An example of the lack of concern for driver safety was the brief popularity of the Guide Wheel automatic steering system available in America from about 1912.
This operated while ploughing and it consisted of a frame attached to the tractor’s steering mechanism and carrying a wheel running in the previous furrow bottom.
The Guide Wheel automatically steered the tractor as it turned the next set of furrows, with the driver taking over for headland turns.
This, the makers explained, allowed the driver to dismount and walk beside the moving tractor to check the plough setting or simply for exercise, climbing aboard again to take control as the headland approached.
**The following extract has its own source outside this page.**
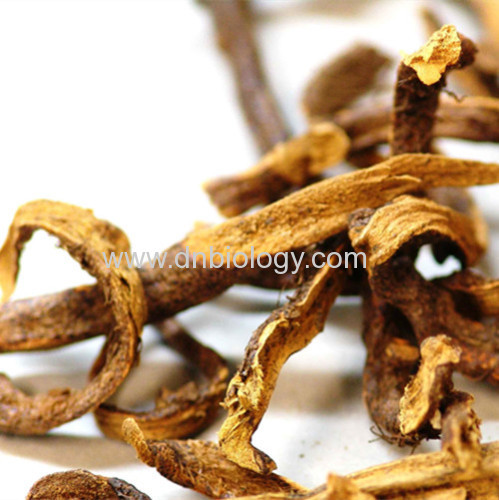 Rhizoma Drynariae P.E.Rhizoma Drynariae extract Rhizoma Drynariae plant extract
The popularity of the Guide Wheel faded after a few years, presumably because customers realised the perils of climbing on and off a moving tractor. Evidence that concerns about tractor safety were slowly increasing also comes from the fact that more manufacturers were equipping their tractors with brakes.
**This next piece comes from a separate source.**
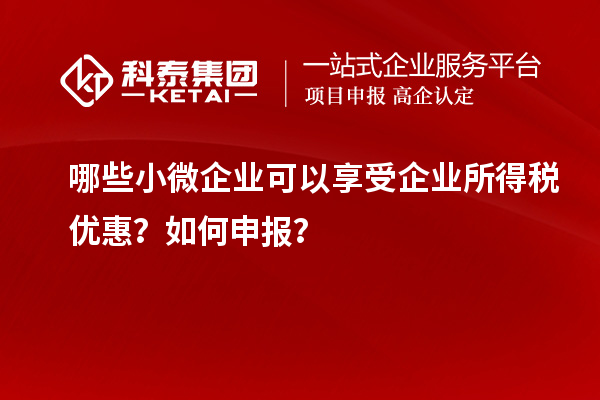 哪些小微企业可以享受企业所得税优惠？如何申报？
Previously brakes were usually regarded as an unnecessary extravagance, which was not quite as reckless as it sounds, because tractors were still on steel wheels until the early 1930s, restricting the top speed to about 5 or 6kph.
The widespread adoption of brakes during the 1930s coincided with the arrival of rubber tyres and faster speeds.
The biggest dangers facing the pioneer tractor drivers included the risk of injury or death if the tractor overturned, and evidence of the dangers involved was available from a survey in about 1923.
The survey featured the Fordson Model F, the most successful tractor in history with more than 50% of the world tractor market in the mid-1920s. In spite of its popularity, early versions of the Model F had a poor safety record.
The implement hitch point was positioned too high and if a plough or a cultivator hit a solid object such as a rock or tree root, the front end of the tractor could tip over backwards.
The survey found 136 drivers died in Model F overturning accidents on American farms between 1918 and 1922.
Changing the hitch point position reduced the number of Model F accidents, but overturning can occur with any tractor make or model, and the cost in terms of driver deaths and injuries rose as the number of tractors on farms increased.
There was plenty of discussion about the problem, but decisive action did not arrive until the 1950s, with Sweden taking the lead.
Cab safety frames
The rising death toll persuaded the Swedish government to introduce a law requiring an approved cab or safety frame to be fitted on all new farm tractors.
The law came into force in 1959 and during that year, when almost all working tractors had no cab, 34 drivers lost their lives due to overturning accidents on Swedish farms.
The number of tractors in Sweden fitted with a cab or frame reached 47,000 by 1963, and during the four years after the law was introduced, only one driver lost his life in an overturning accident involving a tractor with a cab.
The solitary fatality occurred when the driver, aware that the tractor was rolling over, jumped out of the cab and was crushed, while a passenger who remained in the cab survived with minor injuries.
After an 11-year delay, Britain followed Sweden’s example, in spite of objections from some customers who complained about the additional cost of the cab and difficulties accessing low-roofed buildings.
A problem that arrived with the new cabs was that they increased the driver’s exposure to noise, and in 1976 additional legislation introduced the new quiet or “Q” cabs with a 90dB(A) noise limit, later reduced to 85dB(A).
Dealers in some areas reported increased sales ahead of both the safety cab and Q cab legislation, as some customers bought early to avoid the extra cost, but this was probably a false economy because the new cabs were popular and depreciation rates were much higher for the cabless tractors.
Even before the safety cabs arrived, the 1950s had already brought an increasing demand for simple weather protection cabs. They were usually made of canvas and sheet metal, and were sometimes draughty, restricted all-round visibility and gave little or no protection in a major accident, but drivers welcomed the protection they offered from the worst of the weather.
Weather cabs plus safety and Q cabs helped change attitudes to operator comfort and safety. The driver became a key factor when designing a new tractor, resulting in a flow of improvements such as controls and instrument layouts, better seats, ease of access to and from the cab and adding power steering, air conditioning or better sound equipment.
Suspension systems were another big advance including the Renault Hydrostable cab in 1987, followed by JCB’s Fastrac self-levelling front and rear suspension in 1990.
The extra bonus available from advances in comfort and safety can include improved efficiency and productivity. Working a few extra hours to finish a job is more acceptable in a comfortable cab, and the driver is also more likely to select a faster working speed.
There are benefits all round, and the only threat to continuing emphasis on driver wellbeing could be a new generation of driverless tractors.